In 1945, commissioned with Gérald Bloncourt and James Peterson through the Centre d’Art, Malebranche created murals for the chapel of Sainte-Marie-Thérèse in Pétion-Ville. These were some of the first murals created in Haiti. In her mural, Holy Family, she depicted the family as Haitian peasants, making a black Madonna, Joseph and the Christ Child. When the curate of the chapel was replaced, Rev. Poirier ordered the painting destroyed in 1960 because he felt it showed inappropriate references to race and class. Other of her works featured black and indigenous women from Cuba and Mexico, presenting an honest depiction of the human condition and difficulty of their lives. She avoided colorful exotic scenes of markets and musicians, voodoo or heroic icons, instead focusing on the lives of poverty stricken peasants or urban poor women. Her palette was often subdued shades of grays and browns with dark backgrounds, in which the figures melted into the blackness.

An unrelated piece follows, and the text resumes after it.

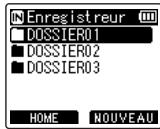 OM SYSTEM LSP5 - Appuyez sur la touche + ou - pour sélectionner le dossier d'enregistrement souhaité. - 2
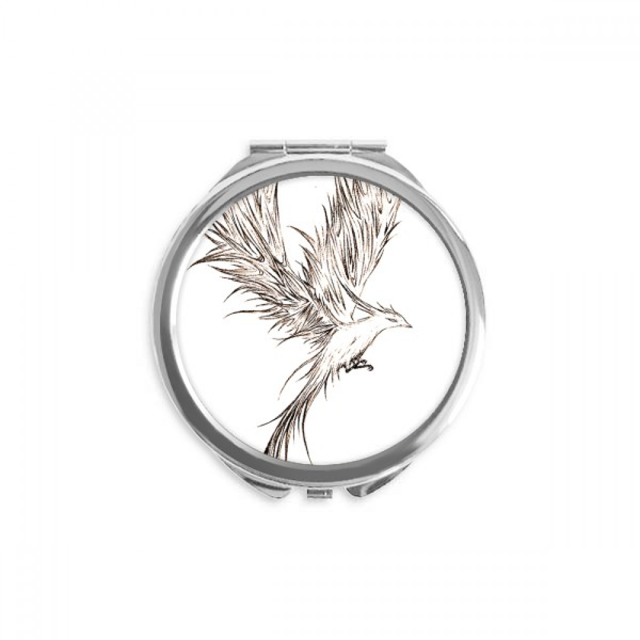Rosefinch Sketch Fuying Painting Bird Fushicho Hand Compact Mirror Round Portable Pocket Glass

Like many women artists, Malebranche struggled to achieve recognition and like other women in her period were omitted from books discussing Haitian art. Because socially, there were perceptions that women should remain in the home, she had to develop unique venues to show her art, exhibiting in places like dress shops, rather than art galleries. Throughout her career, Malebranche exhibited works in Brazil, France, Mexico, and the United States. Most of her works went into private collections, though she has paintings in the permanent collection of the Musée d'Art Haïtien. In 2007, the Ministry of the Condition of Women of Haiti presented her with a plaque in recognition of her contributions to the development of painting in Haiti. Two years later, she was recognized with "honor and merit" by the government.

==Death and legacy==
Malebranche died on 13 February 2013 at her home in La Boule, a suburb of Port-au-Prince and her funeral was held in Pétion-Ville on 20 February. She is remembered as one of the pioneering women artists in Haiti and was honored in 2016 among other women artists at the Feminist Festival Nègès Mawon.